*DESCRIPTION OF THE TASK:* Your task is to copy the lines of the data below from the line holding "Lions at Corcoran Art Gallery" through the line holding "Simon G. Color", inclusive, exactly and with nothing added.

*RECORDED DATA:*
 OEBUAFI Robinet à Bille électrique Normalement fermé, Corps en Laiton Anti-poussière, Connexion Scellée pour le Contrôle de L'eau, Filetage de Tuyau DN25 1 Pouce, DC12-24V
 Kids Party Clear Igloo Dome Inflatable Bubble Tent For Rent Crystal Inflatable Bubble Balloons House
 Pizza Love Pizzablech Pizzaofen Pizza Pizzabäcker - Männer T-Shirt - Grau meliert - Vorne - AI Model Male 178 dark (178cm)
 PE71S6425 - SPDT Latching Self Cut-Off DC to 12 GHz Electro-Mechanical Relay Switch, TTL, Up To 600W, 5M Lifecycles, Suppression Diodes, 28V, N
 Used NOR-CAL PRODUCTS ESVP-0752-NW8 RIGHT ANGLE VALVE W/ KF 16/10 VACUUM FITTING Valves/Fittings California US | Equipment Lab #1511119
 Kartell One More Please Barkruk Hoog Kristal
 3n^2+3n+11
==
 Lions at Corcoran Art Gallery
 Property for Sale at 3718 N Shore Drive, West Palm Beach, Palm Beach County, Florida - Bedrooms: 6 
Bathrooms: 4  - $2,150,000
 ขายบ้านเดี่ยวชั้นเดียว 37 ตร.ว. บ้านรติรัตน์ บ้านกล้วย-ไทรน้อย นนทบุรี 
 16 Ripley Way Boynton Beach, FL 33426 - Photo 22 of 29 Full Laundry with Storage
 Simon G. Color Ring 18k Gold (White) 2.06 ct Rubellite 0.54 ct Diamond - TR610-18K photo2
...
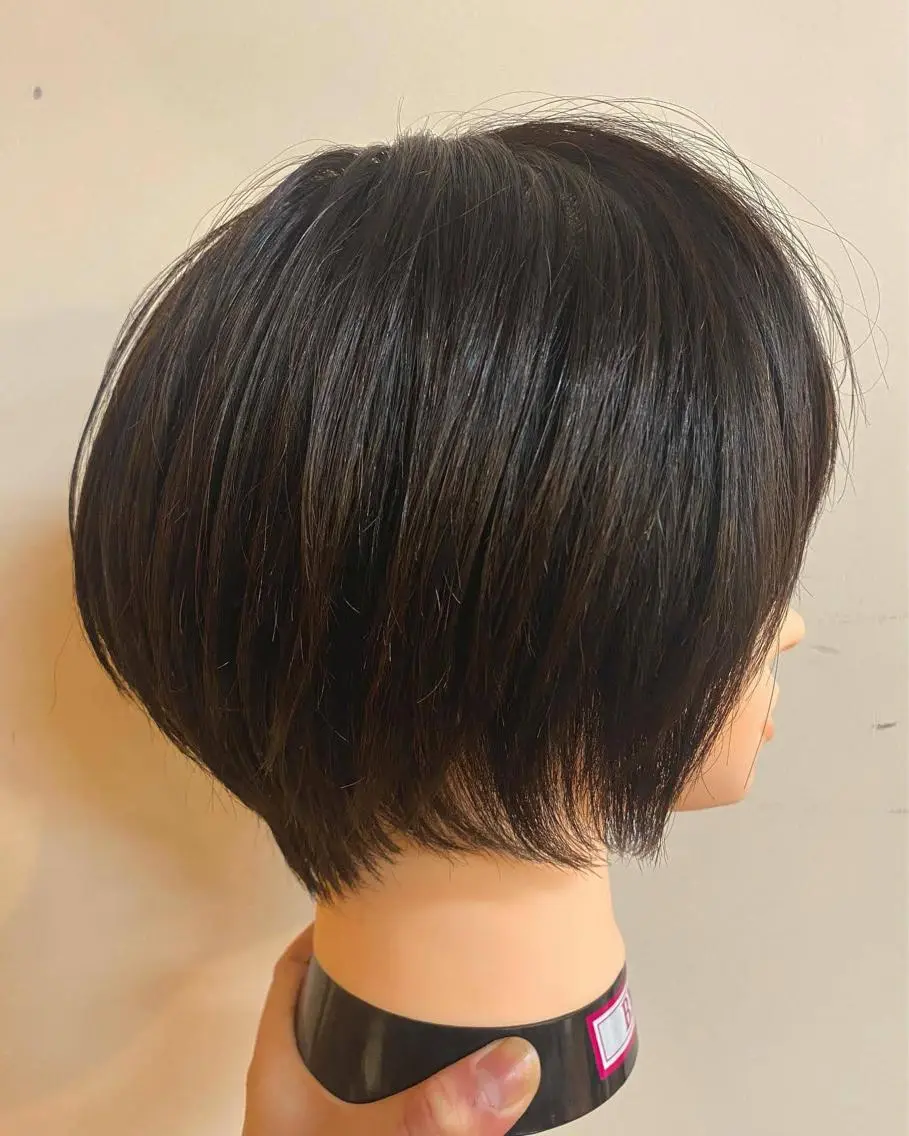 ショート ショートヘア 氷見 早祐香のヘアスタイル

*THE COMPLETED TASK:*
 Lions at Corcoran Art Gallery
 Property for Sale at 3718 N Shore Drive, West Palm Beach, Palm Beach County, Florida - Bedrooms: 6 
Bathrooms: 4  - $2,150,000
 ขายบ้านเดี่ยวชั้นเดียว 37 ตร.ว. บ้านรติรัตน์ บ้านกล้วย-ไทรน้อย นนทบุรี 
 16 Ripley Way Boynton Beach, FL 33426 - Photo 22 of 29 Full Laundry with Storage
 Simon G. Color Ring 18k Gold (White) 2.06 ct Rubellite 0.54 ct Diamond - TR610-18K photo2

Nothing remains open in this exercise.